My husband and I also visited my grandparents this week, it is always such a blessing to speak with them and eat some of my grandma’s delicious homemade food.  She also passed along a few family recipes.  One family recipe was for cheese souffle, which is from my Grandma Alice, who was my Farmer Grandfather’s wife.  I also brought along some treats for them including homemade butter, fresh eggs and some leftover slices of the chocolate caramel tart.  For those of you that have never made butter, it is very simple and the taste is super creamy.  One really neat thing about making your own butter is you can add additional flavors, like garlic or herbs, which would taste delicious on homemade bread.  Here are a few general instructions on making butter…
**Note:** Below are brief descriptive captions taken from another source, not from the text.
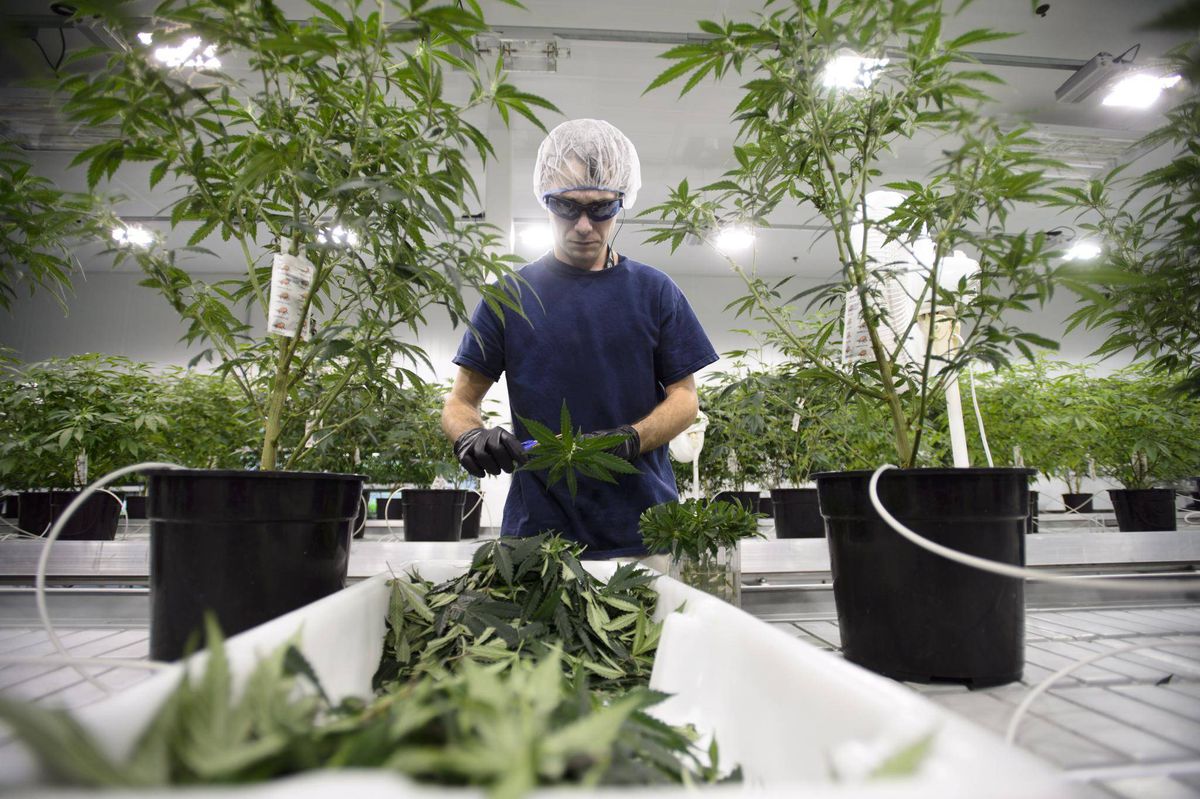 Canopy Growth Corp (OTCMKTS:TWMJF): The Cannabis Industry Leader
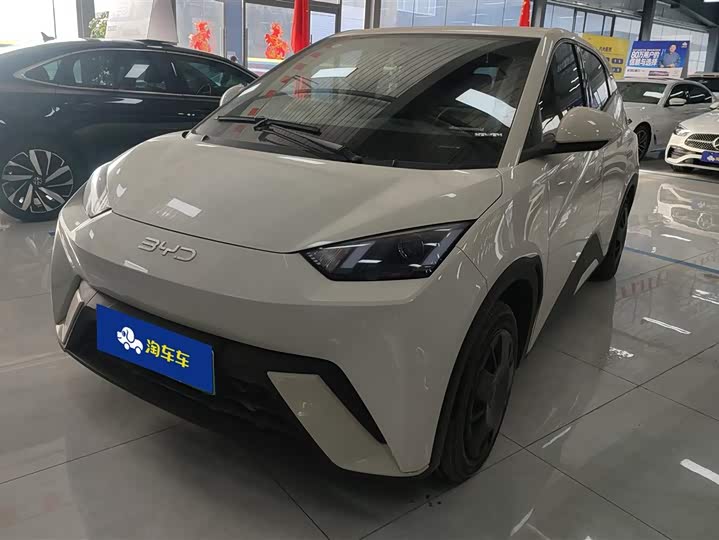 Фото 1 - BYD Seagull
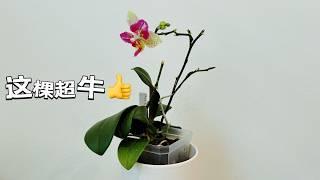 【24032】啥原因，这棵蝴蝶兰，疯狂长芽儿，这么爱开花【静姐说花】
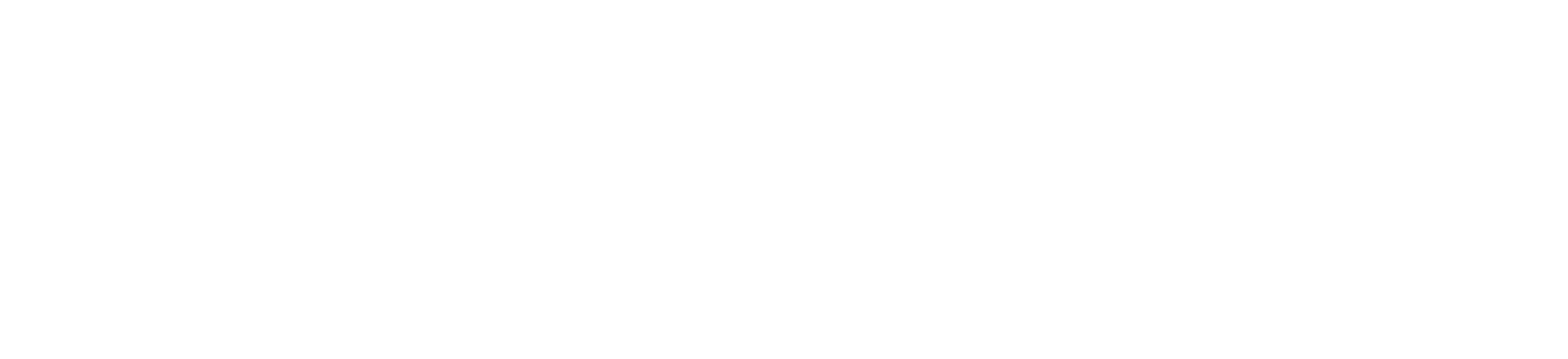 LogicForge text logo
Make sure that you are using heavy cream, whipping cream will not work and you will just end up with very whipped, whipped cream.  I typically set the cartons of heavy cream on the counter to help warm them up a tad.  This makes the process faster.  There are several options for the actual act of “churning” the butter.  You can choose to do it in a mason jar, but this involves lots of shaking and upper body strength.  The few times I have done it this way, I put on the song by Outkast “Hey Ya,” for inspiration, and shake the mason jar in up and down motions while the song plays several times.  Although this is very entertaining to watch, it is pretty tiring by the end of all that shaking!

I now make it in a food processor which is faster and easier.  After the cream has set out for 15-20 minutes, I pour it in the food processor, replace the top and push the button.  Hard work, I know.  After around 10-15 minutes, you will notice the consistency has begun to change.  Take a look here,


The point of all this churning is to separate the actual butter (or what will be butter) from the whey in the cream.  The longer you churn, the thicker your butter becomes.  I tend to churn for a few minutes and then scrape down the sides and poke at the clump with a spatula.   This helps squish out the whey as well.  I then do several cycles of the churning and scraping until the butter is formed and thick.

3/2/2013 8:57:32 PM

Homestead Redhead, home made butter is truly the best, isn't it. I can still remember when I was in high school and we skimmed the cream right off the top of the milk from our milk cows and made it in a gallon jar. We tried the traditional wooden butter churn but found that just shaking it in the jar worked the quickest. It was a little more physical but in high school boys just have more brawn than anything else so it wasn't an issue. Have a great homestead butter making day.